OLORES

“De vez en cuando ciertos olores que desde niño no he vuelto a sentir, regresan a mí. No a la nariz propiamente dicho, sino al cerebro de la nariz…”

Saul Steinberg

Pensar en un olor determinado hace que acudan a la memoria hechos y cosas, ambos contribuyen a relacionarlos con la historia de nuestra vida. Una vida llena de sensaciones, que llegan según la edad y las circunstancias en las que estás, y hace que determinados momentos vuelvan a tu cerebro. La casa de mis abuelos paternos dedicada a la agricultura tenía una característica especial, en ella estaban instalados todos los olores rurales. Era un hogar grande ¡tanto! que se podía entrar por dos calles distintas. Por la parte trasera, se accedía a las caballerizas, en la calle mayor estaba la puerta principal, frente a ella se tomaba el fresco las noches calurosas y hasta allí llegaban los aromas del jazmín, del galán de noche y de las hierbas aromáticas procedentes de los patios cercanos; todo un festival de perfumes.

El olor de la casa de mis abuelos era una mezcla de tiempos y momentos. Cada época del año tenía su aroma. Durante el invierno la leña se convertía en la principal protagonista; era un efluvio leñoso y resinoso. La entonces llamada cocina económica, comenzaba muy temprano a calentar la malta y la leche del desayuno, aquel olor atraía a los recién levantados. El horno era otro elemento importante, desde buena mañana cocina y horno permanecían calientes hasta la noche Se asaban patatas, berenjenas, pimientos tomates… todo lo que daba la cosecha. Un conjunto de olores apetitosos que embriagaban la casa. El día que se cocía la cazuela de arroz al horno era fiesta. ¡Y qué decir de las golosinas de las tardes! un trozo de calabaza o de boniato, recién asado, la mejor de las meriendas; un festival de sabor; la casa olía dulce. Algunas tardes en el mismo horno mi abuelo asaba cacahuetes, o castañas. Y La protagonista de los mejores olores era la abuela con las hogazas de pan y los bizcochos recién horneados, aquellos aromas eran tan sabrosos, que costaba esperar a que se enfriaran.

El verano tenía otro estilo de olores: los sacos de algarrobas almacenadas en el patio, tenían un sabor parecido al chocolate, era un olor muy particular; los melones que colgaban del techo del desván, para que duraran hasta Navidad; el azufre que guardaban en el cobertizo, el olor sulfuroso me resultaba desagradable.

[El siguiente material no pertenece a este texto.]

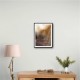 Blurred 10 Wall Art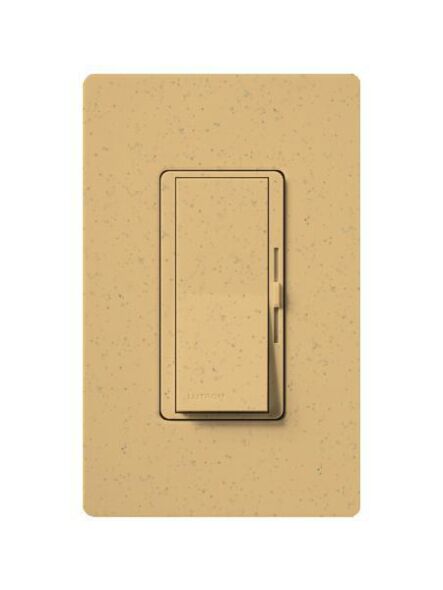 lutron_lutdvsc10pgs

Era un polvo amarillo con el que untaban las viñas para que los racimos crecieran sanos, un fungicida natural. Después, una vez vendimiada la uva, el olor casi empalagoso de las pasas que exponían sobre los cañizos al sol.

Y de nuevo la leña recién cortada, una buena provisión dispuesta a alimentar la cocina y el horno, crisoles conjuntos a la hora de destilar los aromas de cada momento del día.